◆ EXERCISE AIM
Output only the lines from the line holding "VERBATIM Bd-R 25GB" through the close of the records, exactly as they appear, with all pictures omitted.

◆ PROVIDED MATERIAL
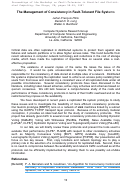 Cover page: The Management of Consistency in Fault-Tolerant File Systems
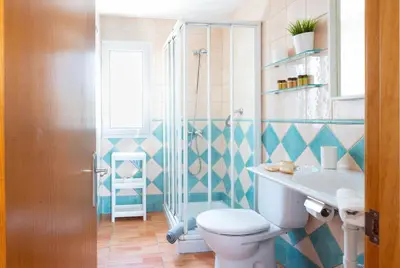 Un baño de Apartamento Maypa 1 Calma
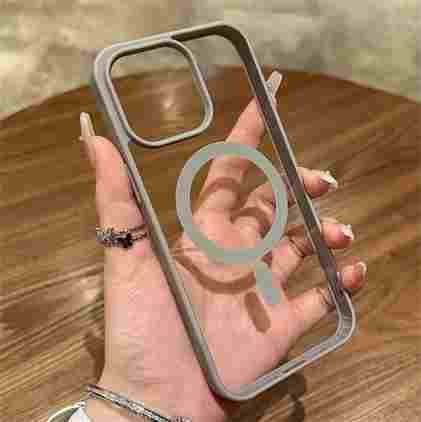 프로모션 투명 케이스 아이폰 17 에어 맥세이프 아이폰 16 15 14 13 12 11 프로 맥스 미니 플러스 마그네틱 무선 충전 커버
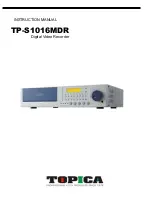 Preview for 1 page of Topica TP-S1016MDR Instruction Manual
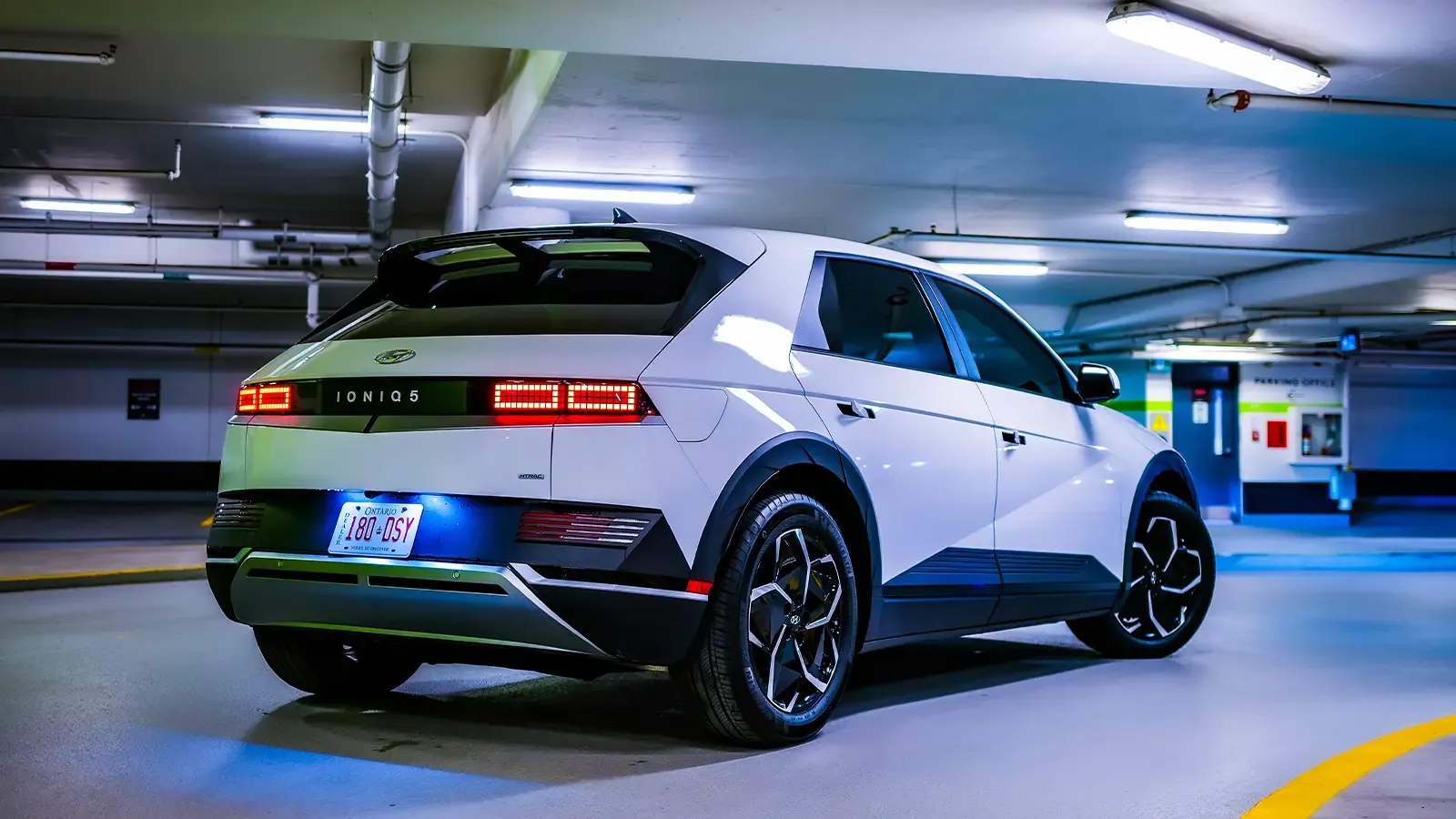 White Hyundai Ioniq 5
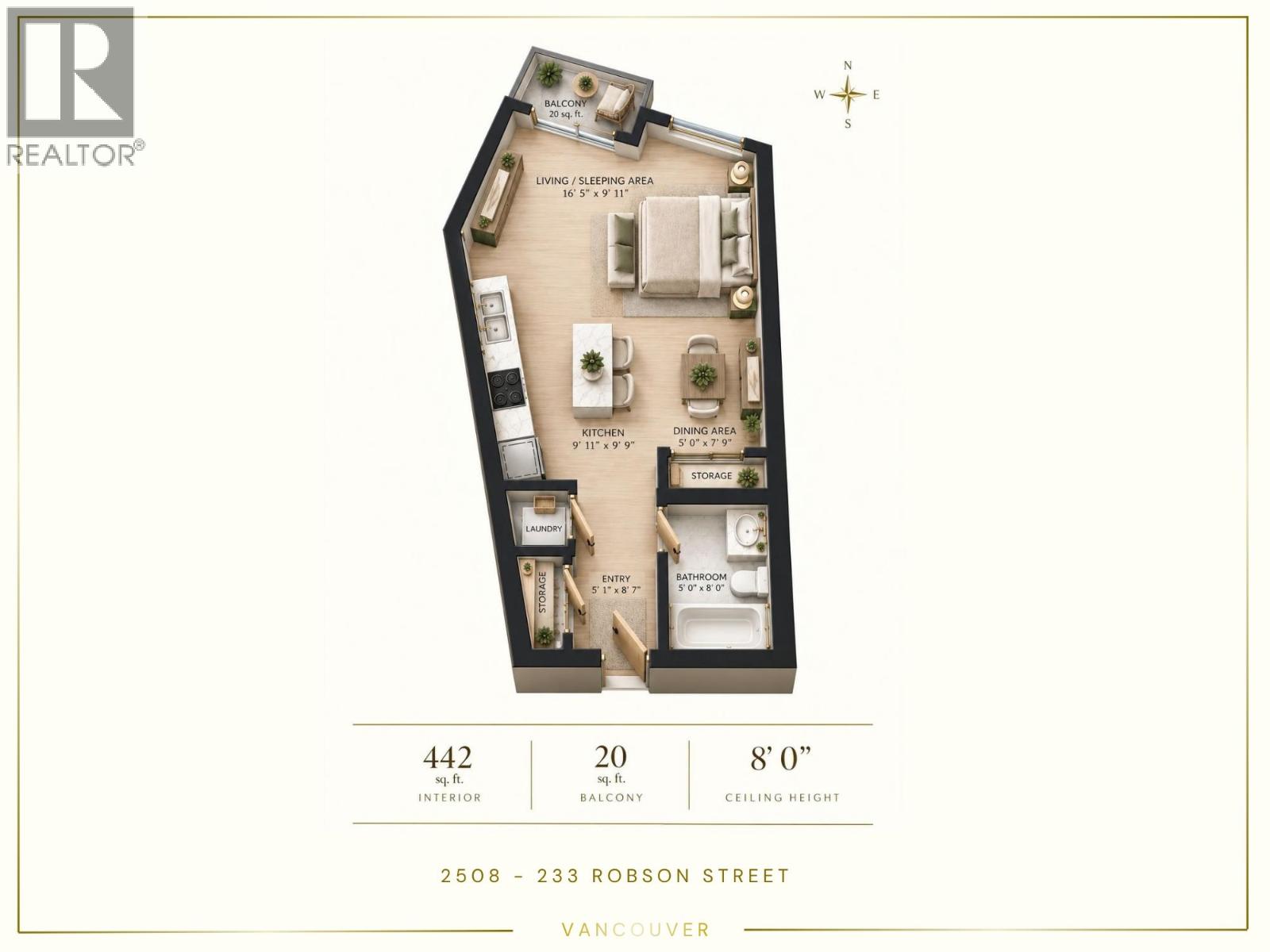 2508 233 ROBSON STREET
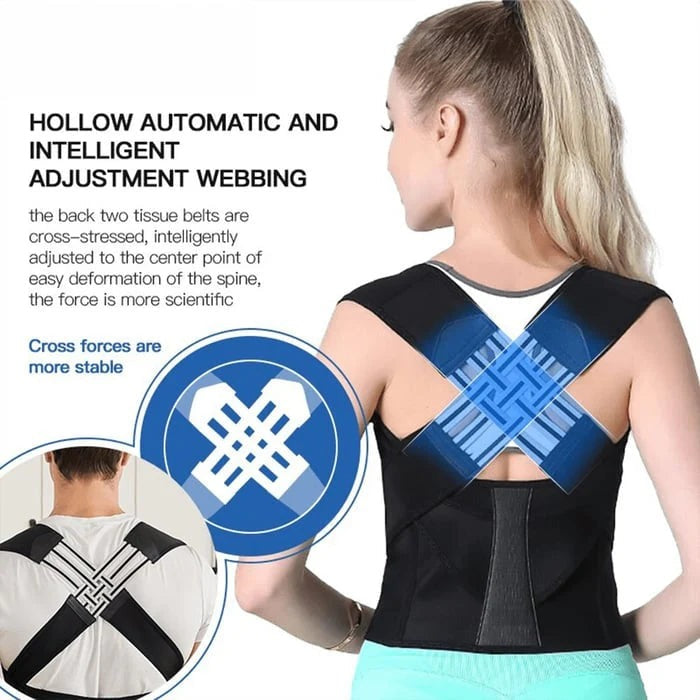 Adjustable posture corrector back support belt UAE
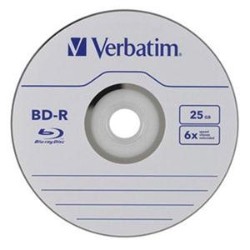VERBATIM Bd-R 25GB 6X With Branded Surface 50Pk Spindle 98397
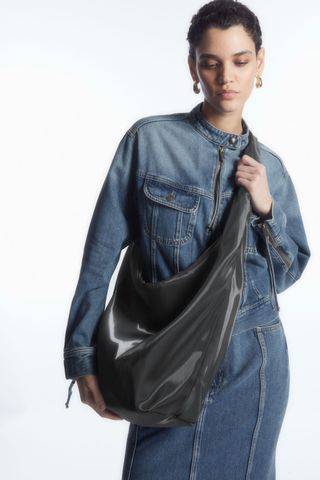 COS + High-Shine Shoulder Bag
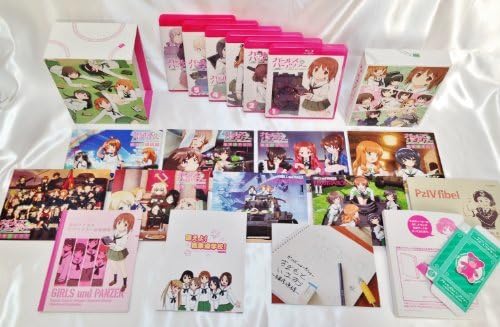Amazon.co.jp: 【 ガールズ&パンツァー (初回限定版) 全6巻セット Blu 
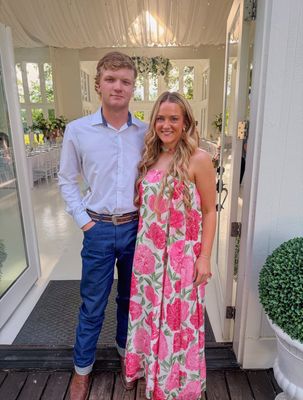 STRAPLESS FLORAL MAXI DRESS with CONVERTIBLE SCARF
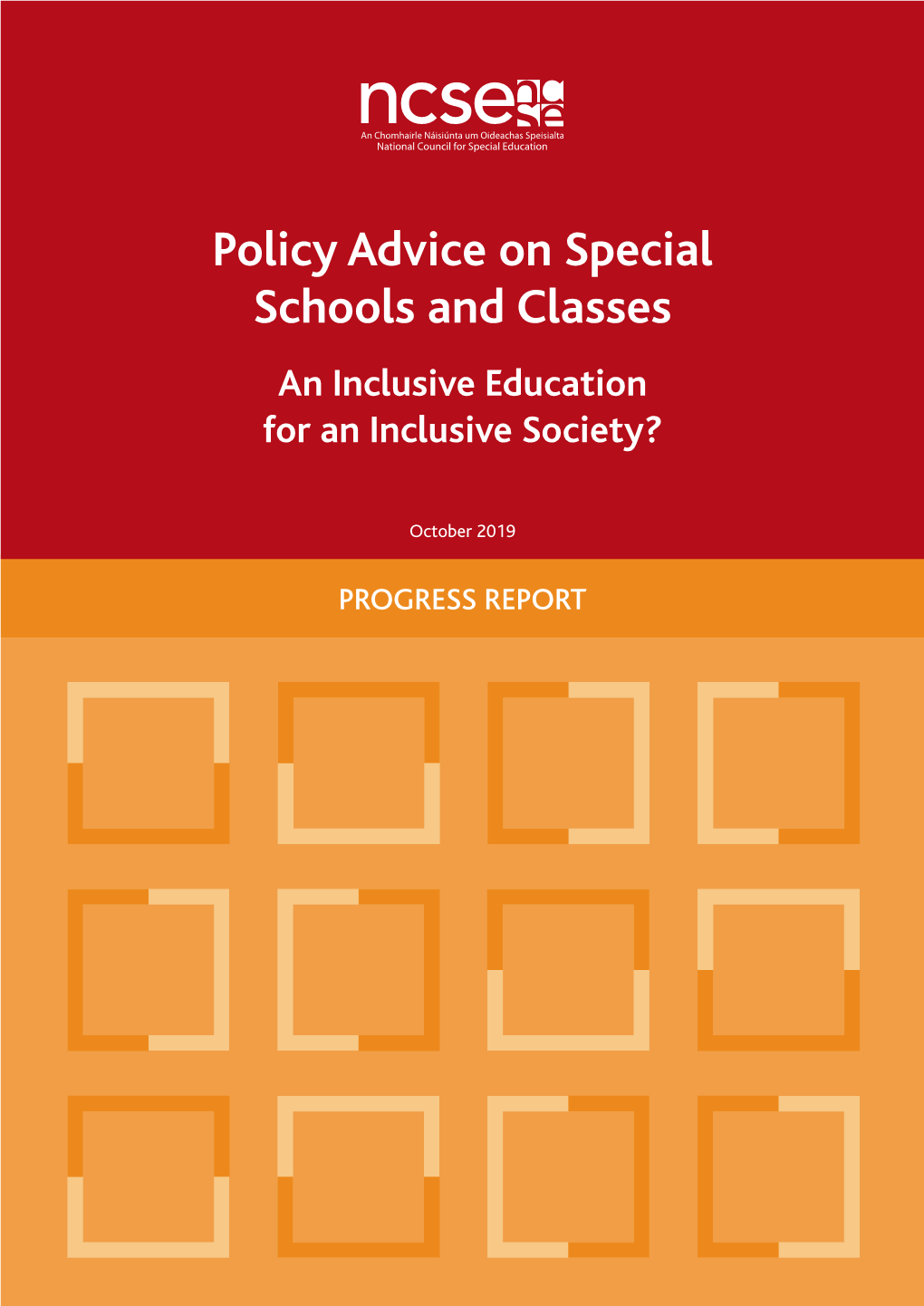 Policy Advice on Special Schools and Classes Policy Advice on Special Schools and Classes an Inclusive Education for an Inclusive Society?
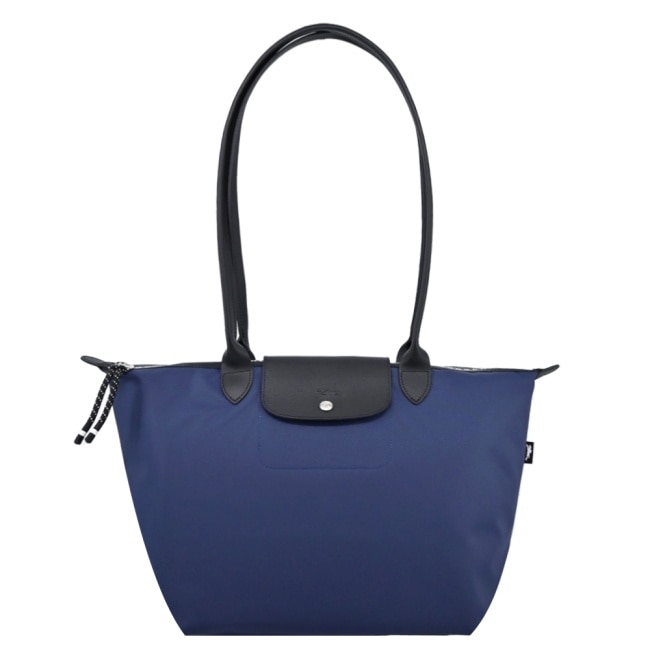 LONGCHAMP LE PLIAGE ENERGY系列再生尼龍肩背/斜背包(大/海軍藍)10163-HSR-006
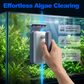 🐠 50% RABATT NU! 🧲 Magnetisk Akvarium Glasrengöringsverktyg – Kraftfull Dubbelsidig Borste – Perfekt för Algborttagning & Klart Glas – Ansträngningslös Rengöring 🐟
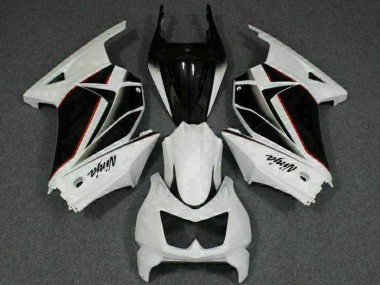 Großhandel EX250 2008-2012 Motorrad Verkleidung - Weiß Schwarz Ninja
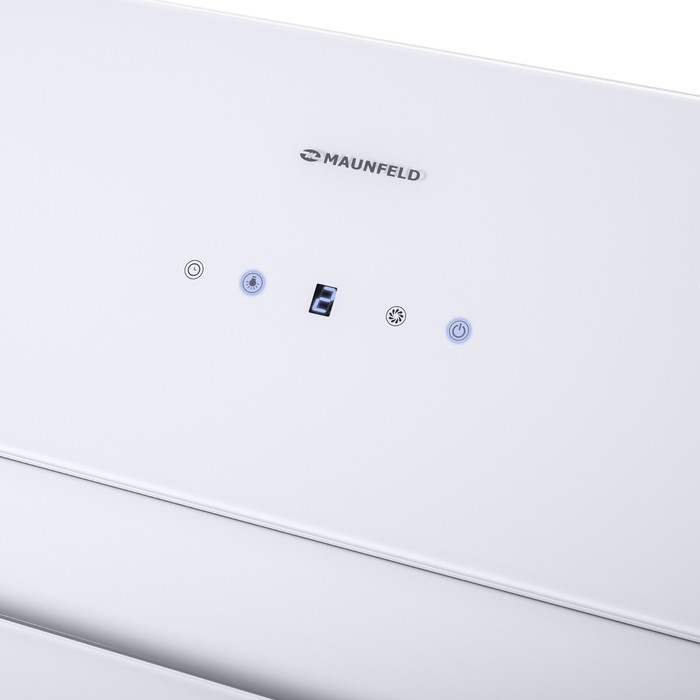 

Вытяжка MAUNFELD Mersey 90, наклонная, 1050 м3/ч, 3 скорости, 90 см, белая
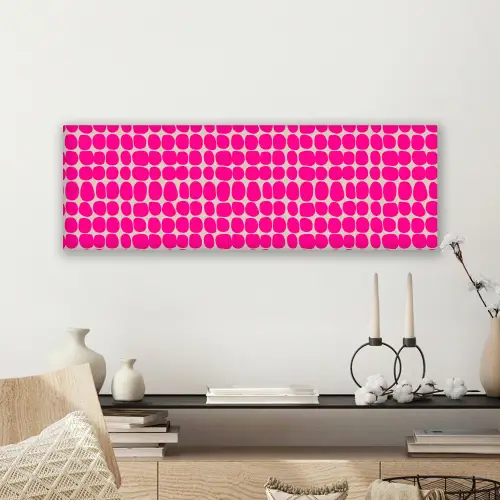 Stippen - Patroon - Roze canvas 2cm klein 828 -sfeer6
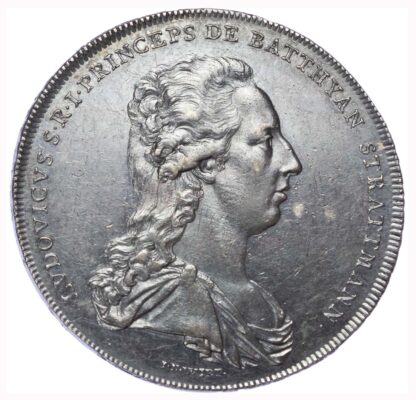 Austria, Batthyani, Ludwig, 1789 Silver Half Taler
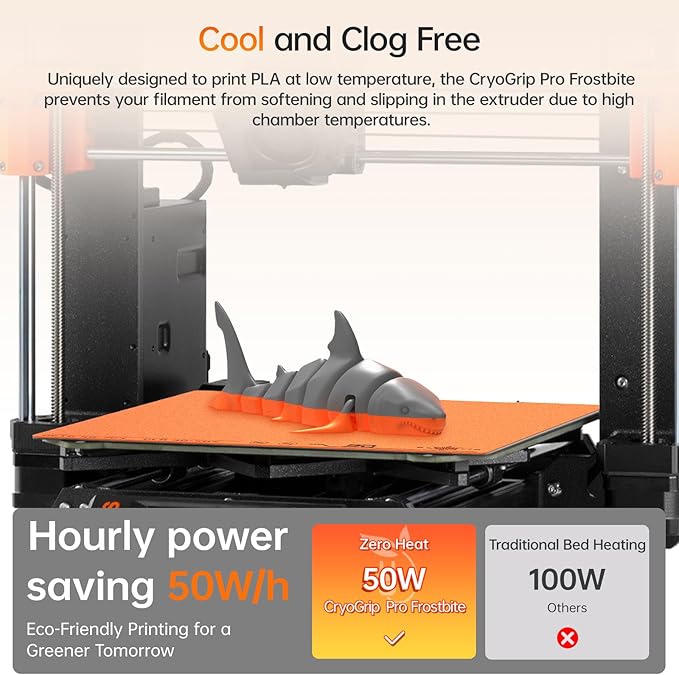 BIQU CryogripPro Frostbite Matte Orange Cold Build Plate - Image 3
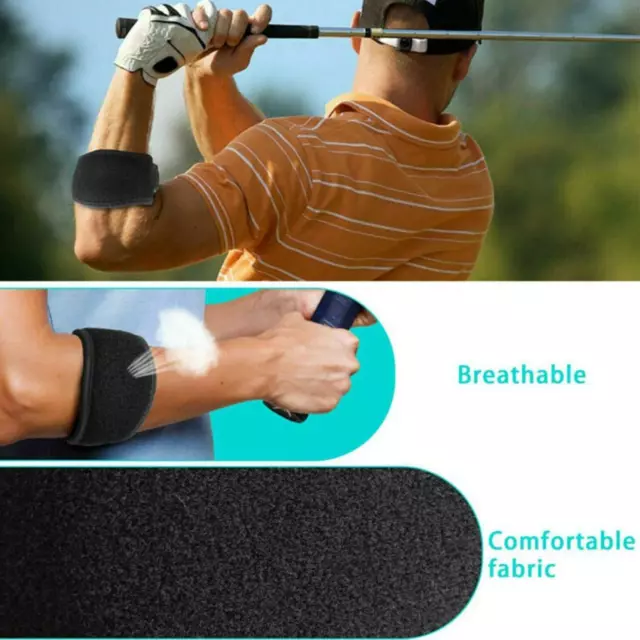 Adjustable Tennis Golf Arm Elbow Support Golfer Strap Elbow Pads Pain Hot A5 3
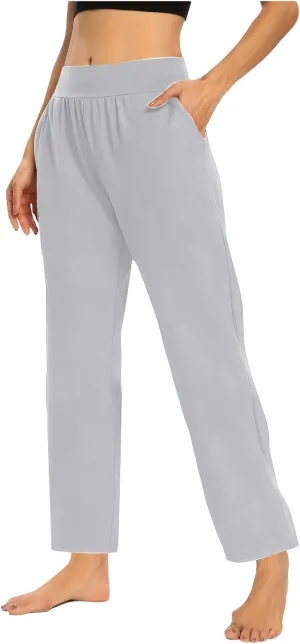 TANGNADE Womens Yoga Leggings High Waisted with Pockets Soft Pajama Pants Comfy Casual Lounge Workout Pants Trouser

◆ OUTPUT
VERBATIM Bd-R 25GB 6X With Branded Surface 50Pk Spindle 98397
 COS + High-Shine Shoulder Bag
Amazon.co.jp: 【 ガールズ&パンツァー (初回限定版) 全6巻セット Blu 
 STRAPLESS FLORAL MAXI DRESS with CONVERTIBLE SCARF
 Policy Advice on Special Schools and Classes Policy Advice on Special Schools and Classes an Inclusive Education for an Inclusive Society?
 LONGCHAMP LE PLIAGE ENERGY系列再生尼龍肩背/斜背包(大/海軍藍)10163-HSR-006
 🐠 50% RABATT NU! 🧲 Magnetisk Akvarium Glasrengöringsverktyg – Kraftfull Dubbelsidig Borste – Perfekt för Algborttagning & Klart Glas – Ansträngningslös Rengöring 🐟
 Großhandel EX250 2008-2012 Motorrad Verkleidung - Weiß Schwarz Ninja

Вытяжка MAUNFELD Mersey 90, наклонная, 1050 м3/ч, 3 скорости, 90 см, белая
 Stippen - Patroon - Roze canvas 2cm klein 828 -sfeer6
 Austria, Batthyani, Ludwig, 1789 Silver Half Taler
 BIQU CryogripPro Frostbite Matte Orange Cold Build Plate - Image 3
 Adjustable Tennis Golf Arm Elbow Support Golfer Strap Elbow Pads Pain Hot A5 3
 TANGNADE Womens Yoga Leggings High Waisted with Pockets Soft Pajama Pants Comfy Casual Lounge Workout Pants Trouser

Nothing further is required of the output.